6月17日、ウクライナ上空でマレーシア航空機が撃墜されたことについていくつか懸念されることがある。

第1に、事実関係の究明である。マレーシア機を撃墜したのはロシア製のミサイル「ブク」(S11)、その操作は高度な技術が必要、ミサイルはウクライナ領内から発射された、「ブク」がウクライナからロシア領へ運び出された、ロシアはそれを否定した、など基本的なことについて事実確認が必要であるが、これがスムーズに運ぶか。
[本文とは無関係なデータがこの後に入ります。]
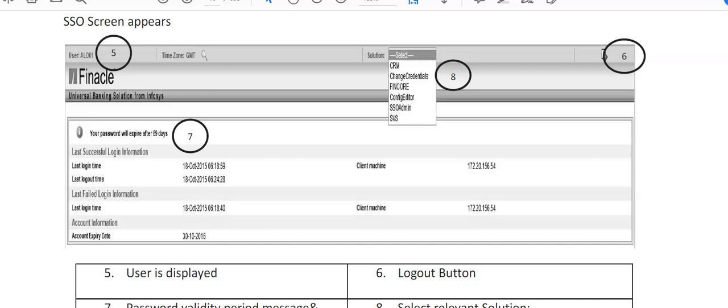Friends, I just gave you an introduction about Finacle briefly. Now this is the screen where you login with your user ID and password. It starts working here, so you can see on the right-hand side there are solutions.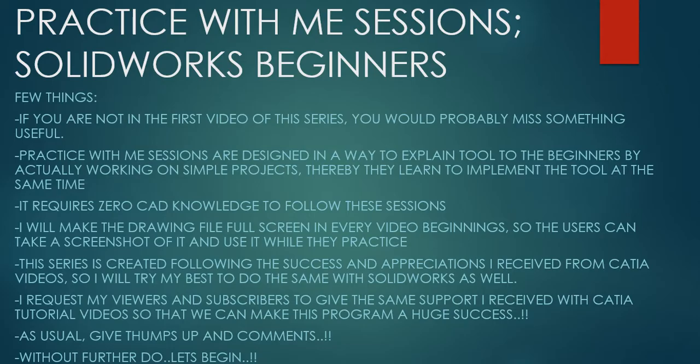Hello friends, this is Mohammed Shakeel here from How Engineers Do It and welcome to the series Practice With Me Sessions, Solidworks Beginners.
墜落現場での調査が妨害なく行われるか。すでに、OSCE(欧州安全保障協力機構)の調査団が現地入りしたが、親ロシア派の兵士に止められ、退去せざるをえなかった。兵士は遺体の収容・移動を始めている。ウクライナ政府はハリコフに遺体の安置のためセンターを設置し、列車で300キロ移送する計画である。このセンターは受け入れも行なう。これらのことを含め現地での緊急措置と調査のために必要な現状の保存をどうするか。ウクライナ政府、OSCE、EUなどは目下対応を協議しているだろうが、どうなるか。
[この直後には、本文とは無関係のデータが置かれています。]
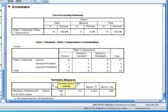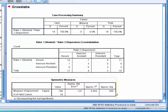In the symmetric measures table underneath this, we have our estimate of Cohen's kappa, which we can see is 0.798 for this data, which we would consider as being very good. We would denote kappa with a lowercase italicized Greek letter kappa.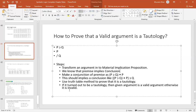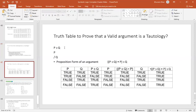Now look at the procedure. An argument has been given. I converted it into a proposition: the conjunction of the premises should imply the conclusion. So the conjunction of premises implies the conclusion — this is the proposition I converted. Now I have this truth table. So this proposition — this implies this — is the logical implication form of the argument.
ロシアは国際的に批判的な目で見られている。今回の撃墜事件以前からロシアは親ロシア派に有形・無形の支援をしており、それをやめるべきだという圧力を受けていた。米欧とロシアの間には政治的な要素、白黒で判定できない要素もあろうが、ロシアが対応を迫られることが多いのは否定できない。ロシアは10項目の質問状をウクライナに出したそうだが、それは物事を進めるうえで有効か分からない。プーチン大統領は事件後対話の再開を呼びかけたそうだが、対話はウクライナ政府が呼びかけ、親ロシア派から対応がないままになっているのではないか。このような経緯はともかく、ロシアの言うように対話を再開するのも一案かもしれないが、その後の展開はどうなるか分からない。
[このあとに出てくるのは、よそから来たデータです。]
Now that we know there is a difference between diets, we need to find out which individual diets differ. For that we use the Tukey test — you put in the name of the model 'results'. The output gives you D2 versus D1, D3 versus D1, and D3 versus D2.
ロシアが親ロシア派の扱いに手を焼いている可能性もあるが、「ロシアは公正な立場、親ロシア派は血縁関係を頼りにわがままを言い放題」という可能性は低い。ロシアはやはり力に頼って紛争を有利に導こうとする傾向が強いのではないか。ウクライナの国境付近にロシア軍を展開させていたことに関しても、国家の内部でどこに軍を置こうと主権の問題であり、外国からとやかく言われる筋合いのことではないという考えがロシアの内部にあった。エネルギーの代価を支払わないのはウクライナが悪いのは間違いないが、だからと言ってそれを止めてしまうのは人道上の観点からも問題である。

ロシアに対する風当たりは確実に強くなっている。米欧は制裁を強化する方針だし、11月にオーストラリアで開催予定のG20にも予定を変えて招待すべきでないという声が上がっている。このような国際社会の流れをロシアはどのように読み、どのように対応しようとしているのか。まさか冷戦時代と同じように、西側と対抗するのに力に頼るのが上策と考えているとは思いたくないが、ロシアから出てくる反応は、根拠を示せないままウクライナや西側を非難することが多いのではないか。

中国はウクライナ問題ではロシアと立場を異にしているが、それでもロシアをできる限り応援しようとしている。中国もまた力に頼る傾向があるが、政治的にはロシアよりはるかに巧妙である。経済的にも、ロシアのように資源依存傾向の強い経済でなく、多彩である。BRICsは最近開発銀行を設立することに合意した。その際も中国の積極的な振る舞いに比べ、ロシアの影は薄かったのではないか。